3.6 In onderdeel 1 van het middel klaagt [eiseres] dat in deze samenvatting van haar betoog een wezenlijk bestanddeel ontbreekt, te weten de stelling dat aan [verweerder] c.s. is verteld dat de vloerbalken in de hal, het toilet en de keuken verrot waren en dat deze geheel zouden moeten worden vervangen. Deze wetenschap is van belang voor de omvang van de op [verweerder] c.s. rustende mededelingsplicht, zodat het Hof door deze stelling onbehandeld te laten, is voorbijgegaan aan een essentiële stelling van [eiseres], aldus het onderdeel.

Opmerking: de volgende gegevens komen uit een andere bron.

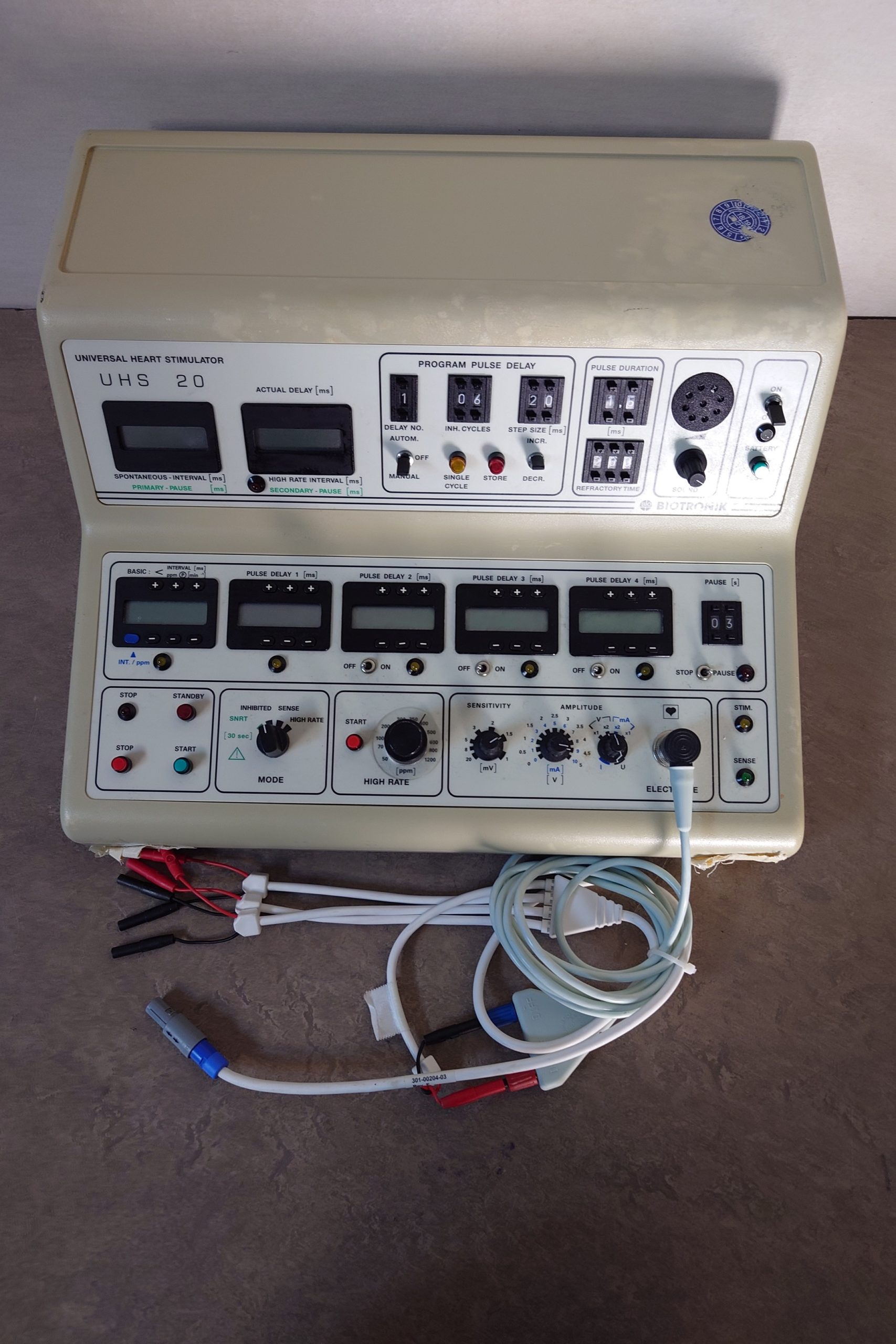 Pacemaker BIOTRONIK UHS 20 — image 1 of 6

3.7 Daaromtrent heeft het volgende te gelden. Het Hof heeft, in cassatie niet bestreden, vooropgesteld dat [verweerder] c.s. slechts aansprakelijk zijn voor onzichtbare gebreken die ten tijde van het aangaan van de overeenkomst aan hen bekend waren en dat op [verweerder] c.s. in zoverre ook de plicht rustte [eiseres] te informeren over de aan hen bekende gebreken. Tegen die achtergrond is voor de omvang van de mededelingsplicht van [verweerder] c.s. van essentieel belang of de in 3.4 weergegeven stelling van [eiseres] juist is. Als [verweerder] c.s. overeenkomstig die stelling op de hoogte waren van de zeer gebrekkige staat van de vloerbalken en waren gewaarschuwd dat die balken niet gerepareerd maar vervangen moesten worden, konden zij immers niet volstaan met de mededeling aan [eiseres] dat de vloerbalken mogelijk zouden zijn aangetast. Het onderdeel slaagt dan ook, evenals onderdeel 5, dat klaagt over het passeren door het Hof van het desbetreffende bewijsaanbod van [eiseres] als niet relevant.
3.8 De overige onderdelen behoeven geen behandeling.
De Hoge Raad:
vernietigt het arrest van het Gerechtshof te Amsterdam van 10 februari 2000;
verwijst het geding ter verdere behandeling en beslissing naar het Gerechtshof te 's-Gravenhage;
veroordeelt [verweerder] c.s. in de kosten van het geding in cassatie, tot op deze uitspraak aan de zijde van [eiseres] begroot op € 587,11 aan verschotten en € 1.590,-- voor salaris.
Dit arrest is gewezen door de vice-president P. Neleman als voorzitter en de raadsheren A.E.M. van der Putt-Lauwers, J.B. Fleers, A.G. Pos en P.C. Kop, en in het openbaar uitgesproken door de raadsheer A. Hammerstein op 8 februari 2002.